集落は島の南側。国指定重要文化財の高良家(たからけ)住宅を見学した。建物はサンゴをびっしり隙間なく積んだ石垣で囲われている。受付の女性が案内してくれた。琉球王朝時代に中国との貿易で財をなした家だという。平成7年までこの家で暮らしていたご当主は107歳で亡くなった。90歳を過ぎても漁に出ていたが、舟は戦時中の爆弾をふたつに割って造ったもので、今も飾ってある。トイレは屋外、豚小屋に直結して餌とした。昔の道具類も丁寧に保存展示してある。
慶留間島は人口わずか60人あまりだが、この島にもちゃんと幼稚園、小中学校がある。港には、明治時代に沖縄で初めて始められたカツオ漁を顕彰する碑が立っていた。
さらに南に橋で繋がった外地島(ふかじしま)があり、チャーターヘリ専用空港があるが、引き返した。阿嘉島に戻り、カフェでパスタランチを食べた後は、ニシバマビーチ展望台で、クジラが見えないかと探してみた。が、クジラの代わりに自衛隊のヘリが間近に飛んできた。

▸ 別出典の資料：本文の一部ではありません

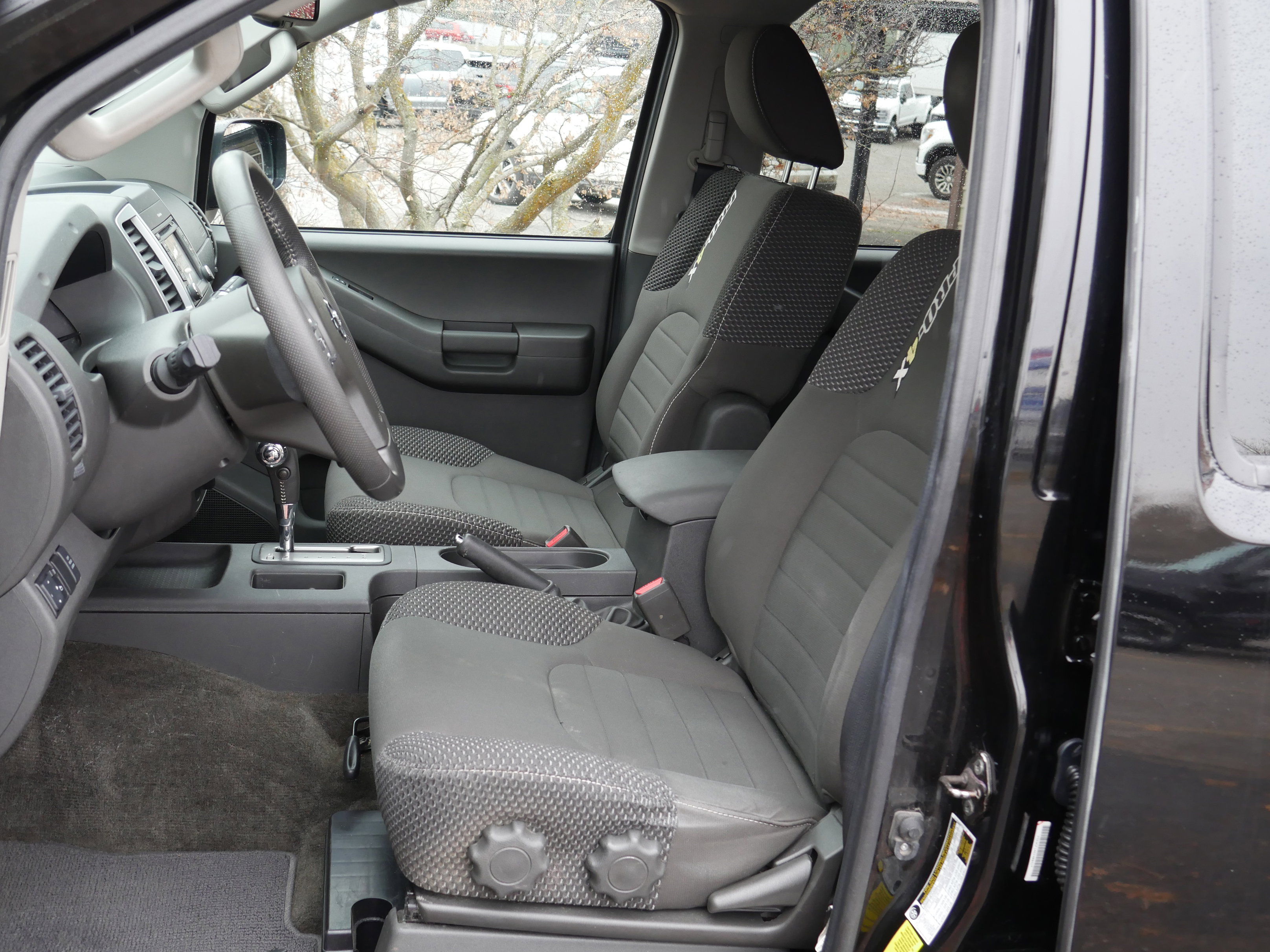 2014 Nissan Xterra PRO-4X photo 2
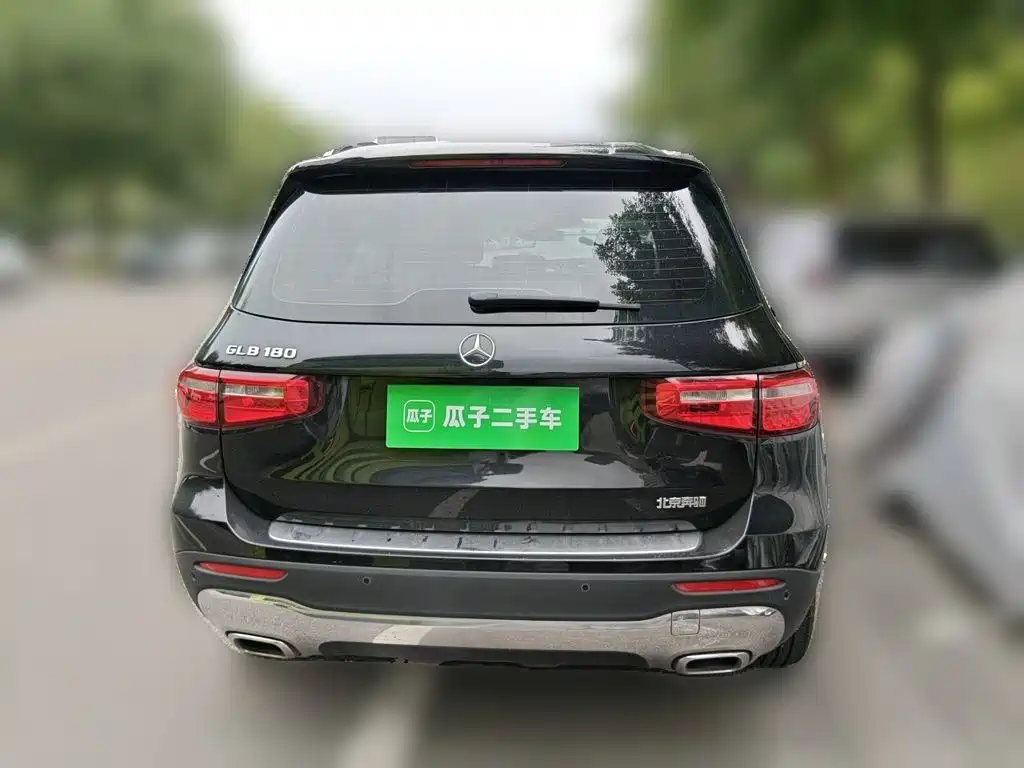 Mercedes-Benz GLB 2021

2晩目の夕食は、アジ酢〆、コマツナと厚揚げとシラス炒め、中身汁。食後、またバーに行った。昨夜の常連さんの他にもう一人、ツアーガイドをしている島の人。四方山話の中で名字の話になり、島で多いのは、金城、中村、垣花、与那嶺の順と教えられた。帰り道、見上げれば、こぼれんばかりの星空。久しぶりに天の川を見た。
那覇へ戻るフェリー船上から、三度もクジラを見たことも忘れられない。